LECCE – Precari sempre. Un’assegnista di ricerca dell’Università del Salento ha provato a farsi riconoscere un contratto a tempo indeterminato, dopo gli incarichi di collaborazione rinnovati prima ogni due anni e poi ogni anno con continuità dal 2004 al 2011. Ma nulla.

La ricercatrice, assegnista presso il Dipartimento di Scienze Sociali e della Comunicazione, ha trascinato in tribunale sia il Ministero dell’Istruzione, che non si è costituito in giudizio, sia l’Universita’ del Salento. Ha chiesto di riconoscere la conversione dei vari rapporti a tempo determinato in un unico rapporto non a termine, con richiesta di condanna dell’Ateneo alla sua assunzione a tempo indeterminato con ricostruzione della anzianità maturata anche ai fini previdenziali e contributivi e con risarcimento del danno pari a venti mensilità di retribuzione.

A suo dire, il rinnovo ininterrotto degli incarichi biennali per circa sette anni avrebbe avuto solo la finalità di eludere le norme per cui i contratti a tempo non possono superare 36 mesi.
Ricorso infondato, secondo il Tar di Lecce, che si è espresso con sentenza qualche giorno fa.
“Difettano tutti i presupposti necessari alla costituzione del rapporto di pubblico impiego – hanno scritto i magistrati – atteso che la ricorrente non ha mai superato alcun concorso per l’accesso al ruolo di Ricercatore universitario, non potendosi in proposito ritenersi equipollenti le procedure valutative per il conferimento di incarichi di collaborazione di ricerca”.

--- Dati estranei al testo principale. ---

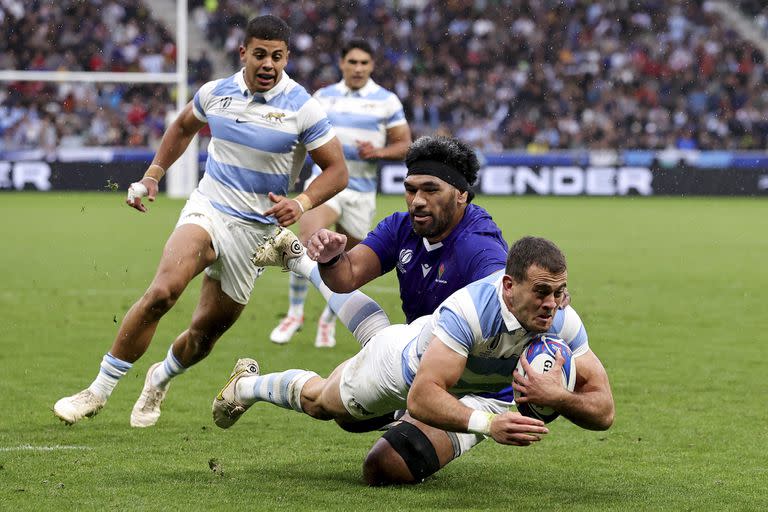 Emiliano Boffelli convirtió el único try de los Pumas ante Samoa y fue la gran figura del partido por su efectividad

Le strade per ricercatori universitari e assegnisti, infatti, sono diverse non solo sotto il profilo normativo. Diversi sono i compiti: gli assegnisti, ad esempio, non possono svolgere incarichi di docenza e di didattica. Inoltre, l’assegnista non ha vincoli di orario né di subordinazione, configurandosi come rapporto di lavoro autonomo e di diritto privato con l’Università.

Alla soglia degli otto anni, limite massimo per il rinnovo, all’assegnista sono rimaste dunque le briciole. Per il tribunale, però, “non poteva non essere a conoscenza dei contenuti degli effetti dei provvedimenti, compresa l’espressa esclusione di ogni effetto utile ai fini della assunzione nei ruoli del personale docente dell’Università”.